On 6/13/07, [EMAIL PROTECTED] <[EMAIL PROTECTED]> wrote:
>
> >
> > Some of my coworkers had the same needs of Gaetan... And while I
> > understand your solution, I figure out if SA could have it natively
> > (detecting the presence of a dictionary)...
> >
> > Somethink like:
> >
> >
> > query.get(dict(columnB='foo', columnA='bar')
> > Lazy programmers are the best ones...  :)
>
> why not query.get(**dict(columnB='foo', columnA='bar')) ?
> it should work as is..

No, it doesn't...  :/

I have the following code:

duplicata_table = Table('DUPLICATA', metadata,
    Column('dpl_loja', String(2), primary_key=True),
    Column('dpl_id', Integer, Sequence('gen_dpl_id'), primary_key=True),
    # other columns
    )

mapper(Duplicata, duplicata_table, properties={
    'loja': duplicata_table.c.dpl_loja,
    'id': duplicata_table.c.dpl_id,
    # other proprerties
    })


Now trying your suggestion:

>>> d = session.query(Duplicata).get(**dict(loja='02', id=9))
Traceback (most recent call last):
  File "<pyshell#17>", line 1, in <module>
    d = session.query(Duplicata).get(**dict(loja='02', id=9))
TypeError: get() takes exactly 2 non-keyword arguments (1 given)


It expects me to do :
>>> d = session.query(Duplicata).get(['02', 9])

Dealing with compound primary key of 2 columns is easy... but believe
me: I have worked with some legacy database in the past which has
tables with more than 9 columns in their primary key... !!
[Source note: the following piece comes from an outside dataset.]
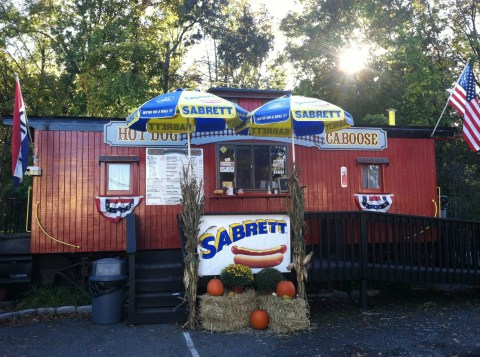 You'll Have Loads Of Fun Visiting This Hot Dog Caboose In New Jersey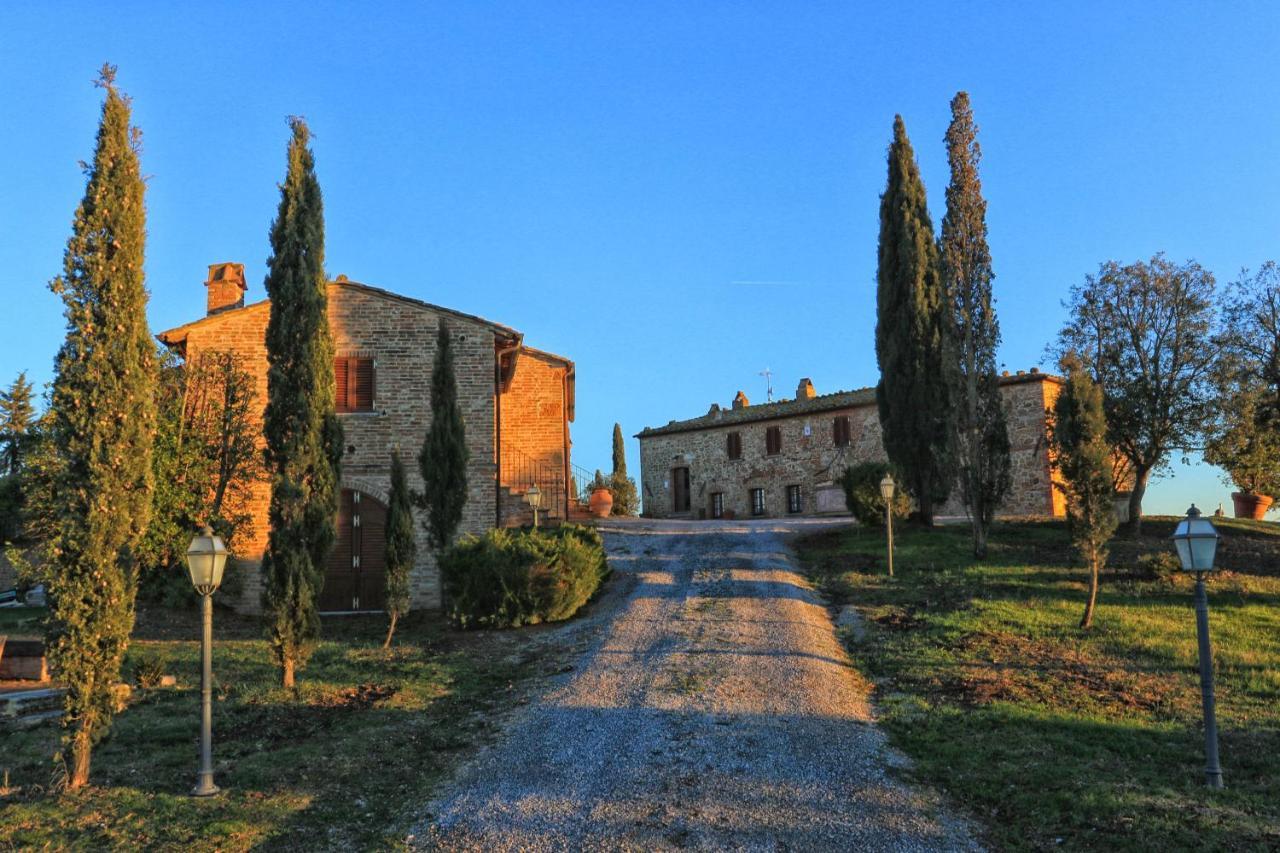 Agriturismo Bombina Villa Montisi ภายนอก รูปภาพ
I wrote my own ORM in that occasion, and remember that passing primary
keys values was a pain in the a**... :)
To avoid having to pass 10 positional parameters, I made use of
records (Delphi was my language)... just to make it possible to name
each parameter (the same thing python give us with dict())

So, if I was to use SA with that database, I would have to make some
utility functions like:

def pkvalues(table, **kw):
    return [kw[c.key] for c in table.primary_key]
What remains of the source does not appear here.